WHAT IS EXPECTED:
Output only the lines of the entries that follow, starting at the one with "PLA Proto-pasta композитный" and running down to the one with "Фильмы, которые приблизят", both included and unchanged.

PROVIDED RECORDS:
>>>
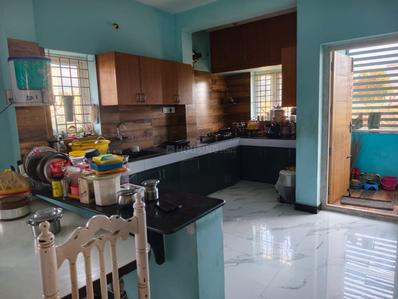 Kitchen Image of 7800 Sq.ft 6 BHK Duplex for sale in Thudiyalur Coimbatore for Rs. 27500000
<<<
>>>
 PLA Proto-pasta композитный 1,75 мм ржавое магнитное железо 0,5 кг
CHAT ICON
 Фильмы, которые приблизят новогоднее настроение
<<<
YOUR SOLUTION:
 PLA Proto-pasta композитный 1,75 мм ржавое магнитное железо 0,5 кг
CHAT ICON
 Фильмы, которые приблизят новогоднее настроение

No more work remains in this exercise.